Risky Business
Conservative Risk Management Helps Insurance Companies in Current Economy
November 3, 2009
By Pamela McLaren
Weili Lu
The financial crisis that began in 2008 has hit many industries, particularly banks, and has created concern among not only this country's citizens, but people worldwide.
Weili Lu, founder and director of the Center for Insurance Studies, discusses the business of insurance and upcoming regulation related to the field, and how the insurance industry is doing in the current economy.

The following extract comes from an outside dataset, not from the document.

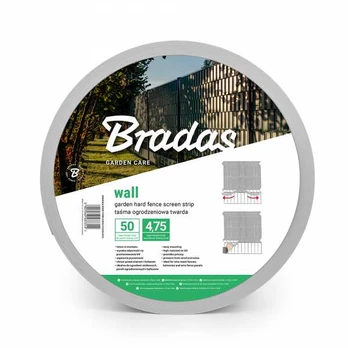 Garden fence screen strip SOLID 4,75cm x 50m, 1200g/m² light pilkas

Lu joined the campus in 1998 and is the first woman from China to earn a doctorate in insurance from the University of Illinois, Urbana-Champaign. Lu, who was honored in February with the Walter B. Gerken Community Service Award from the Pacific Life Foundation, teaches risk management and insurance, international finance, corporate finance and investment. Last year, Lu joined another finance faculty member and a team of graduate students to develop a database that carries financial information on more than 500 insurance companies operating throughout Asia.
Q. How is the insurance industry doing in this economy?
Insurance is a risk-sharing business. Insurers collect premiums, underwrite your risk, invest your premium and share the income with you. Under the current financial crisis, the insurance industry was hit — but not as hard as other industries, such as banking, because of the conservative risk management feature of the insurance, which kept it stable in spite of exceptions like AIG.
The current situation in the insurance industry has actually improved compared with last year. On the property/casualty side, the rate of return is reported as positive versus the negative return in the first quarter of this year, according to reports from the Insurance Information Institute.
The rebound of profitability sends us a signal of recovery. In addition, another important indicator, combined ratio, which measures the industry’s underwriting condition, also improved.
Q. What about life insurance?
On the life side, the situation still remains somewhat challenged due to the volatility of the market, as well as increased bond defaults and low interest rates. However, the loss of capital is reduced and the return also has been bouncing back due to the increasing earnings on investment. Also, the growth of sales on retirement-related products, such as equity-indexed annuities will help the recovery of the life side.
Q. What is coming up — laws, regulations — that may affect the industry for good or bad?
There will be more legislation and regulation on capital requirement, solvency, investment and financial holding companies after the financial crisis. The Bean-Royce Federal Charter Bill, which proposes optional federal chartering of insurance companies, is especially influential. Some people consider optional federal chartering to be very important, especially after the AIG case, but there are still arguments on this issue.
Q. Are there issues that consumers should pay attention to in regard to insurance?
For consumers, major attention should be paid to retirement savings, especially the baby boomers — we have 78 million.
If you are approaching retirement, it is important to get professional advice from certified financial advisers on the investment of your retirement savings. To protect your retirement savings, you may need to reassess your investment strategy and timetable.
For young people, the lesson that may be drawn is to adjust your life style and start to save earlier for your retirement. This point cannot be emphasized too strongly, and you cannot start saving too early. Earlier start equals more value, which is the old finance story.